Kai, all on its own, is one of the best things, but isn’t it even better to eat it outside on a midsummer evening? In a garden or at a park, when it’s still light but the sun has lost all harshness and a soft breeze brings with it the scent of fresh dried laundry and tomato leaves. Or in the still-dark kitchen of the early morning, stealing spoonfuls of slightly melted leftover trifle straight from the fridge, the custard somehow sweeter than if you transferred it to a bowl.
I think the very best thing is when food and place combine to become another kind of experience. It is for this reason restaurateurs covet heritage buildings or open venues in the middle of beautiful nowhere, why they will spend thousands on custom lighting, hardwood furniture and fresh flowers.
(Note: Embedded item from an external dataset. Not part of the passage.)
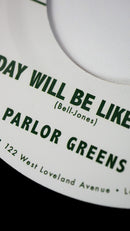 PARLOR GREENS - Auld Lang Syne / Everyday Will Be Like A Holiday [RELEASE DATE: 12/12/2025]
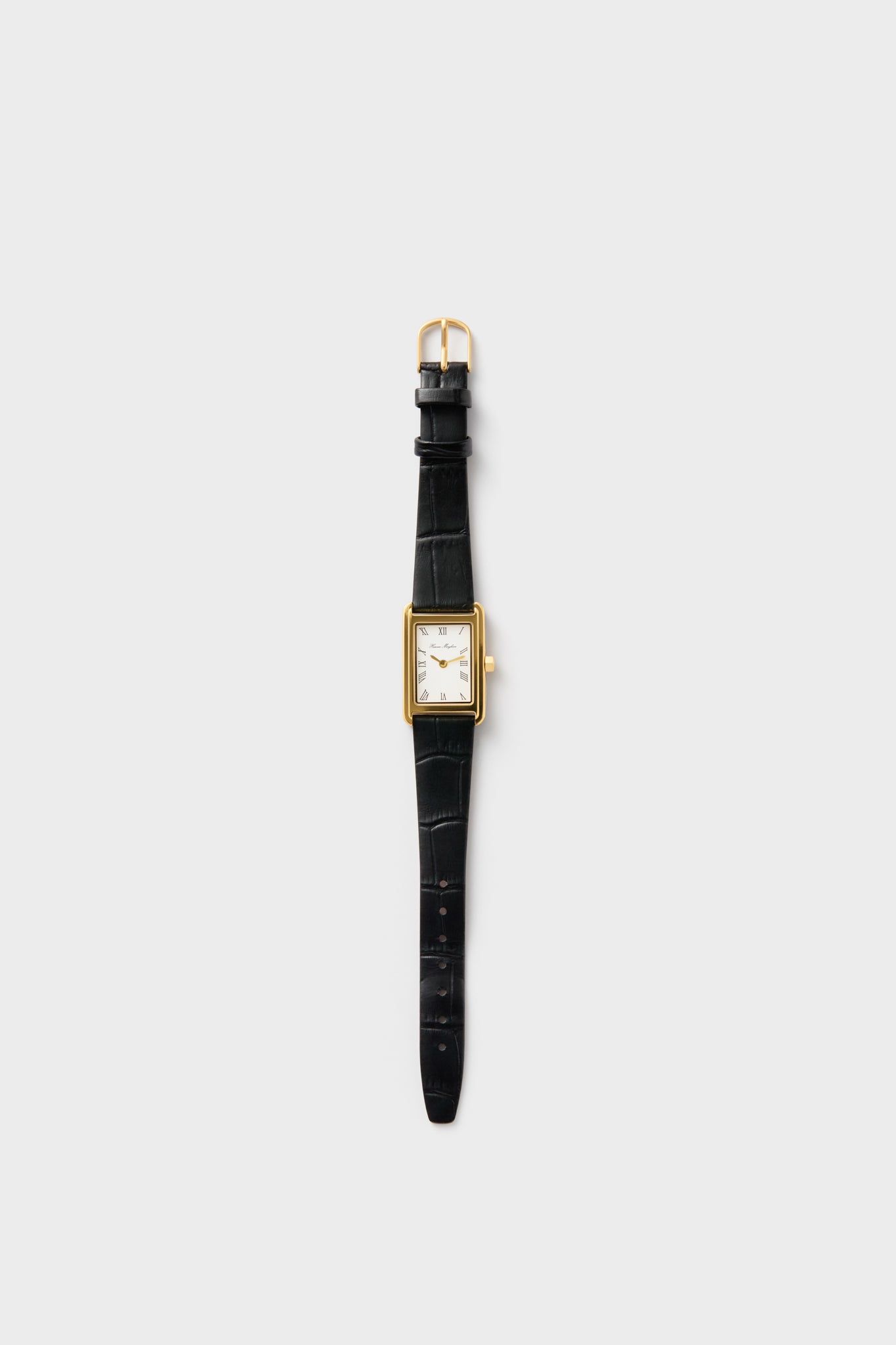 Gold and Black Icon Watch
They understand that where we eat is almost as important as what we’re eating. Whenever I’m asked if I’ve eaten anything good lately, flavours always mingle with context.
A Fruju has never tasted so good as the one you slurped down in the back of the car, aircon broken and still an hour from the campground. Halftime at the rugby, optimistically joining the snaking line of sports fans, being rewarded with a hot, greasy bag of doughnuts drowning in cinnamon-scented sugar. A handful of scroggin and a swig of Raro to keep you going until the sweet cup of tea and squashed luncheon sandwich you get at the top of the maunga.
Possibly the best kai + context combination of all is the one that’s in season right now. Salt air, hot sand, the sound of waves crashing. A bundle wrapped in butcher’s paper under your arm, someone else is carrying the fizzy and a tin of tomato sauce. Everyone cheers when you arrive at the right cluster of towels, sandy fingers unwrapping the parcel, searching the sea of beige for their piece of tarakihi, potato fritter, battered oyster. There are no cups for the fizzy so you take turns swigging from the bottle. It’s good because it’s so easy, there’s always a shop nearby and everyone knows what’ll be on offer, but it’s the best because of something more elemental, eating hot and salty food when you’re hot and salty, eating fish with your skin still damp from swimming in their element.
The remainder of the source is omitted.